A young autistic boy from Devon, England, has been left too scared to go outside to play after being targeted by a group of older bullies who forced him to "lick their shoes clean" or face being beaten. Just two weeks earlier he was the victim of a similar incident in which he was pushed into a stream.
April England has spoken out about the horror her 10-year-old autistic son Logan suffered at the hands of local bullies. Logan was surrounded by a group of teenagers while playing out with friends last Monday after school at Chestnut Park near their home in Wonford, Devon. Ms England explained how she had only just started allowing Logan out again after he was pushed into a stream two weeks earlier in a similar incident.
Logan's distraught mother said: "Logan was told to lick their shoes clean. They said if he didn't they would beat him up, starting with a kick in the face. "Obviously he did it because he didn't want to get beaten up.
"He had to do it to all the boys and then managed to get away and ran back home. It was horrible when he told me what happened to him. Logan is now not wanting to go out far from home."
Ms England said that although Logan "is quite intelligent, he is not good socially", finding it "extremely difficult" to make friends.
She added: "The bullies would have noticed there is something slightly different about him as he's not very socially switched on. I think they took advantage of that."
The devastated mum said she hasn't reported the incident to the police as "part of Logan's autism means he wouldn't be able to describe or recognise who they were".

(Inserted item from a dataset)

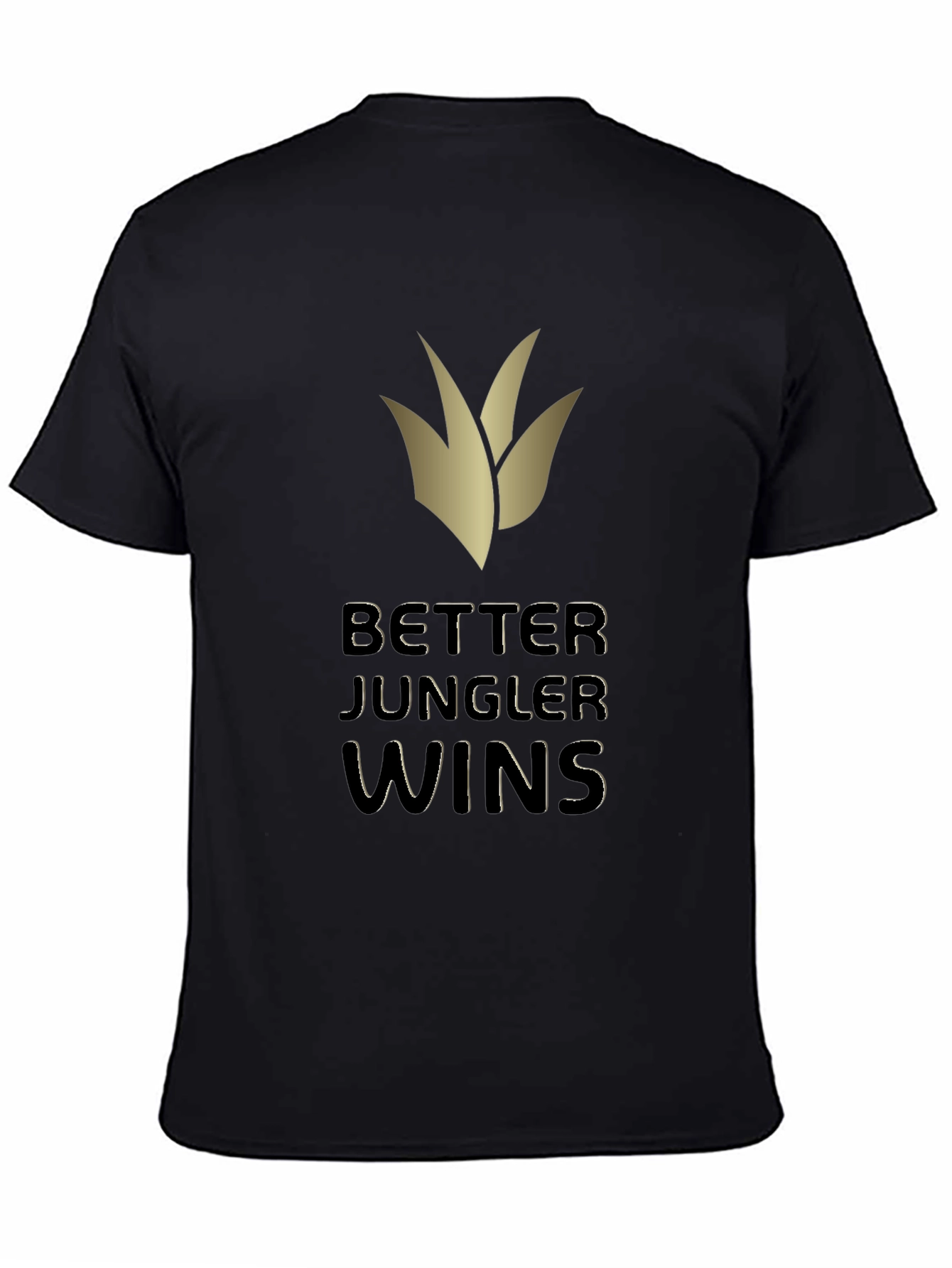 Better Jungler Wins T-Shirt - League of Legends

Ms England is trying to raise awareness of a growing number of incidents concerning bullying and threats of violence in the local area.
She said: "I just don't feel safe allowing the kids to have a bit of freedom with friends. "It would be just awful if they were beaten up and would be so dangerous for my daughter to come to harm as she has a heart condition.
"These teenagers need a curfew and there needs to be more police in the parks and CCTV. "Teens think and know they can get away with this. I am just so worried to let my children out in case anything happens to them."